Four Years of Repression: The Enforced Disappearance of Researcher Saud Al-Sarhan
Saud Al‑Sarhan, former Secretary-General of the King Faisal Center for Research and Islamic Studies, has remained forcibly disappeared since October 2021. To date, Saudi authorities have provided no official information regarding his whereabouts, legal status, health condition, or the grounds for his detention.
Al-Sarhan is not a marginal figure or a political activist operating outside state institutions. He is a well-known researcher who held a senior position within one of Saudi Arabia’s most prominent research centers. His disappearance therefore marks a serious escalation: the targeting of an academic voice that operated from within official structures rather than in opposition to them.
Prior to his disappearance, Al-Sarhan published an analytical article examining Saudi Arabia’s political and economic trajectory under Crown Prince Mohammed bin Salman. The piece offered a measured, academic assessment of the sustainability of large-scale promises in the absence of political openness. It did not call for unrest, incitement, or confrontation. It was a standard policy analysis—precisely the type of work expected from a senior researcher. Nevertheless, credible information indicates that this analysis itself became the basis for his arrest.
In October 2021, Al-Sarhan was taken into custody and subsequently vanished. Since then, authorities have neither confirmed his detention nor denied it. No charges have been announced, no court proceedings disclosed, and no access granted to family members or independent legal counsel. This total absence of acknowledgment or transparency meets the international legal definition of enforced disappearance, a grave violation that places victims outside the protection of the law and exposes them to severe risk.
The prolonged nature of Al-Sarhan’s disappearance—now approaching four years—intensifies concerns about his safety and well-being. Enforced disappearance is not a temporary administrative failure; it is a continuing violation that persists for as long as the state refuses to reveal the fate or location of the disappeared person.
This case illustrates a broader pattern in which analytical thought and independent assessment are treated as threats when they diverge from officially sanctioned narratives. The message is clear: even senior researchers who previously served within state institutions are not immune from repression if their work crosses undefined political red lines.
The disappearance of Saud Al-Sarhan is therefore not merely an individual injustice. It is a direct attack on academic freedom, the right to research, and the public’s right to informed analysis. A state that responds to policy analysis with enforced disappearance signals that intellectual inquiry itself has become criminalized.

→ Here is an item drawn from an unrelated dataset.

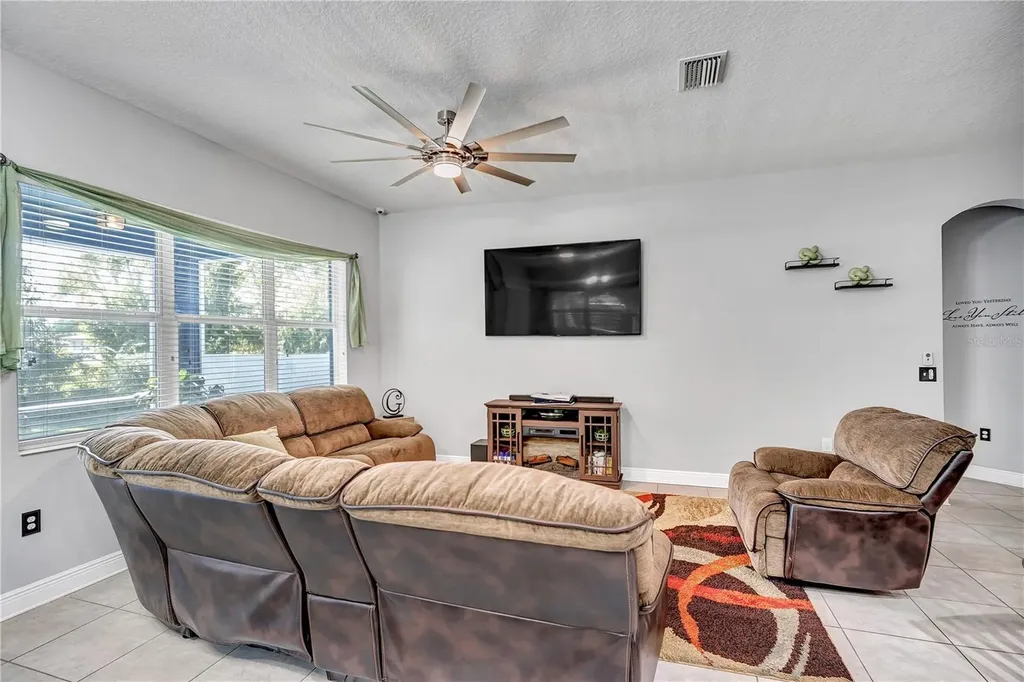 2806 W Saint Isabel Street Tampa FL 33607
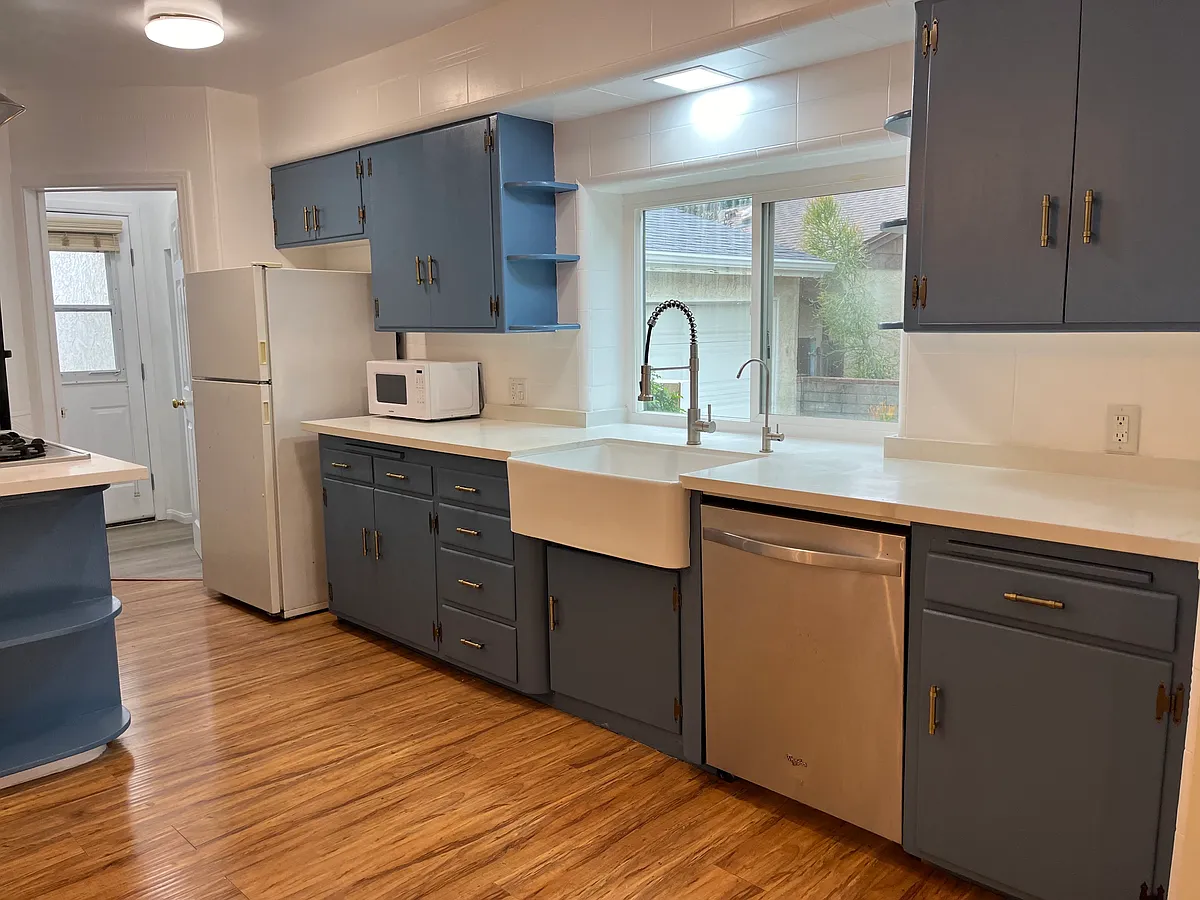 Building Photo - 4334 Oak Dr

In light of the absence of any disclosed legal basis for Al-Sarhan’s detention, there are no grounds to justify his continued deprivation of liberty. His case demands immediate action.
Together for Justice calls for the immediate disclosure of Saud Al-Sarhan’s whereabouts and legal status, full access to his family and independent legal counsel, and his immediate and unconditional release. We further call for an independent and transparent investigation into his arrest and disappearance, including accountability for those responsible.
Any release must be accompanied by clear guarantees against re-arrest or future reprisals linked to his research or opinions. Without such guarantees, release would merely serve as a prelude to renewed repression.
Four years of silence cannot be explained, justified, or normalized. The enforced disappearance of Saud Al-Sarhan stands as compelling evidence that in Saudi Arabia, even institutional researchers can be erased for their ideas. International silence in the face of such violations no longer constitutes neutrality—it enables their continuation.